**Action item:** Below are the entries; transcribe them exactly and drop every picture.

**Records for the task:**
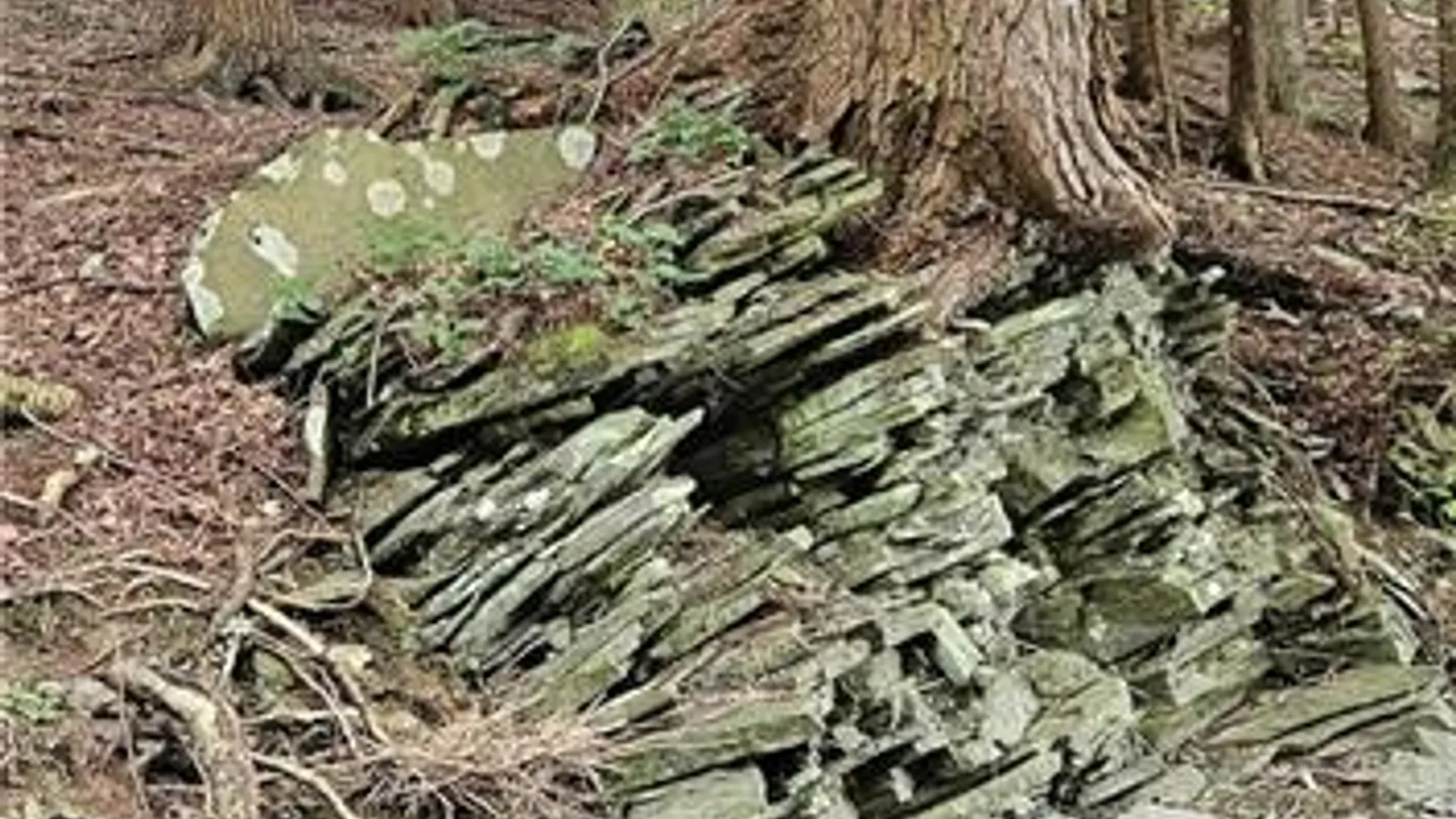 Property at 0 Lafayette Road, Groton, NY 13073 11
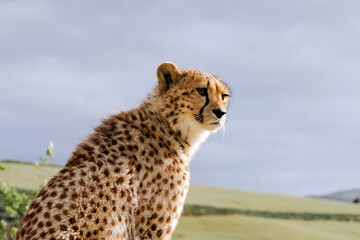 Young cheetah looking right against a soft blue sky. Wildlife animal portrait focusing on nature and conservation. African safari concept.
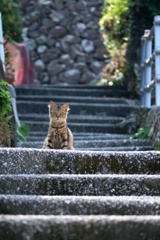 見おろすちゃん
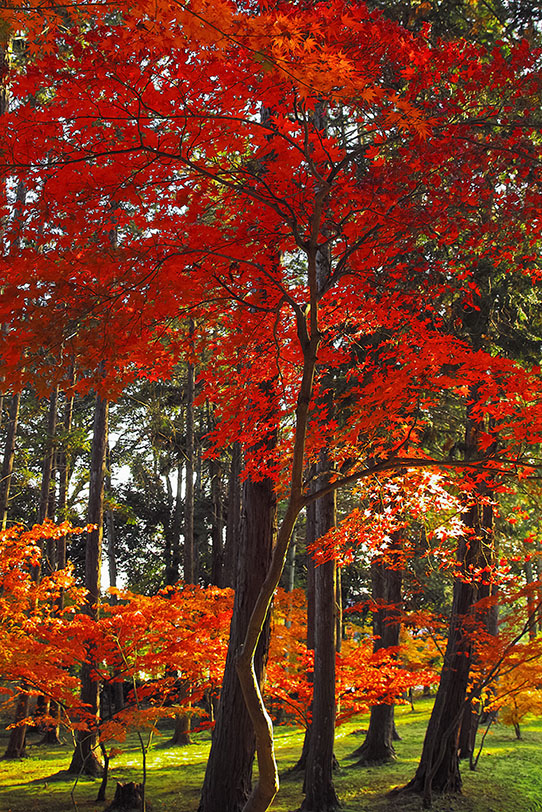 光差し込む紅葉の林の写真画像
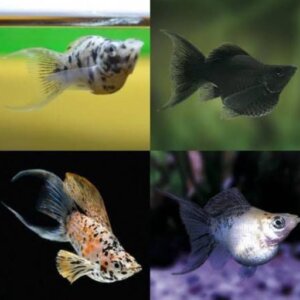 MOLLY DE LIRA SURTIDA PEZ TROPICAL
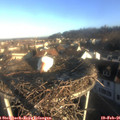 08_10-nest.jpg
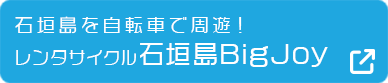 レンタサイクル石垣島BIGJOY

**Task output:**
 Property at 0 Lafayette Road, Groton, NY 13073 11
 Young cheetah looking right against a soft blue sky. Wildlife animal portrait focusing on nature and conservation. African safari concept.
 見おろすちゃん
 光差し込む紅葉の林の写真画像
 MOLLY DE LIRA SURTIDA PEZ TROPICAL
 08_10-nest.jpg
 レンタサイクル石垣島BIGJOY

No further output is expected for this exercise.